While on Ward 12 I have made loose but emotionally charged sketches of individuals who have told me, eloquently, of their fears and their hopes, of their families and their jobs, of their life experiences and of their lives as they were and as they are now. I have listened to and witnessed so much physical and emotional pain and angst, and I have listened to and witnessed so much dignity and determination. The negatives are mitigated by positivity and the sheer force of the human spirit. I have sat with patients who hardly knew I was there, and with patients who seemed very glad that I was there…most of all I listened – even, and perhaps especially hard, to those who could barely speak because of the grip of their cancer. I made copious notes and I recorded the words of those who consented to be involved – those who wanted to add their voices to the project and be heard. Life on the ward seems to play out in a time and in a light of its own. Once I stepped inside the outside world became a shadowy place that even the arrival of families and friends could not enlighten.
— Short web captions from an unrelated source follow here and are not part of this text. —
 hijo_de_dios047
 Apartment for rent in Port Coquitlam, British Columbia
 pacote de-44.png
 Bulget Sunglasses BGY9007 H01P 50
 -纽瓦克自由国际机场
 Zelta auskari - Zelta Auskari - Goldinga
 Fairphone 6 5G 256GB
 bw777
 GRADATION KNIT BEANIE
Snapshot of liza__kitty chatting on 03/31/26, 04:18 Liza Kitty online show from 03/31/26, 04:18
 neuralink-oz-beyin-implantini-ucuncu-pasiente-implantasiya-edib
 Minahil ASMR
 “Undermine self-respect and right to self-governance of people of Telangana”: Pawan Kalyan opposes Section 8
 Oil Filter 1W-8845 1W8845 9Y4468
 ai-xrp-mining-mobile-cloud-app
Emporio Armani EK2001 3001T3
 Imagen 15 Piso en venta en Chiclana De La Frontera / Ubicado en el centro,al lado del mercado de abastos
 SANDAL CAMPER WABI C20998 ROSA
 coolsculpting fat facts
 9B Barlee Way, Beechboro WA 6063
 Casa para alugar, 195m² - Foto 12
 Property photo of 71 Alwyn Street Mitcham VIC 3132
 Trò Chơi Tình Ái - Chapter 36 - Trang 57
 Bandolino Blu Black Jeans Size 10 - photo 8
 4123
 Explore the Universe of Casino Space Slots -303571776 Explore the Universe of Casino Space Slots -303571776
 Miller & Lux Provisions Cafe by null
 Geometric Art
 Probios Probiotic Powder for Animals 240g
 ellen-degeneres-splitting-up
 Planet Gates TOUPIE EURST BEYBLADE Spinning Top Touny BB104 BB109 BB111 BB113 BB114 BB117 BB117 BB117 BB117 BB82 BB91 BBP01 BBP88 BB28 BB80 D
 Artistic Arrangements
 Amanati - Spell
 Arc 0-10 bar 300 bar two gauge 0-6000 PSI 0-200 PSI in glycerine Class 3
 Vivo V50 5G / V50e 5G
Within this time and light I have made vivid, almost tangible, memories of a fundamentally subjective experience and I have seen and heard so much – although never too much. The experience as a whole was visceral.
I visited the hospital cafe sometimes during the week just to write up some thoughts and, because I know the place well perhaps from previous projects (Medicine Umasked for example) , it was a comforting place to be. I have come back now into the ‘Kingdom of the Well’ with a powerful sense of responsibility to make something very special of the Cancer Ward 12 project. I am thinking about cartography…not as off track perhaps (if you’ll excuse the pun) as might be thought. I am thinking about emotional mapping – finding ways through the experience of witnessing.
Back in the cafe…I have to come less often as it is expensive! It is strangely comforting however, full of patients with their carers families, in-patients, outpatients, medics…. Often carers will talk at full volume – there is a universal manner it seems, despite the patients needs – half way between speaking to a child and to an adult. Conversation is always slightly ‘elevated’ in mood – cheerful but also resonating sometimes with an underlying tension, frustration, sadness, pain, fear and – I see it in the taught lines of the faces – utter exasperation. But one of the nurses on the ward said: its not right that some people will talk to patients who are sick as if they have dementia.
My first experience of Ward 12 is salutary. The prospect of death maintains a strong presence both in physical and relative terms – the concept of quality over quantity was never so salient.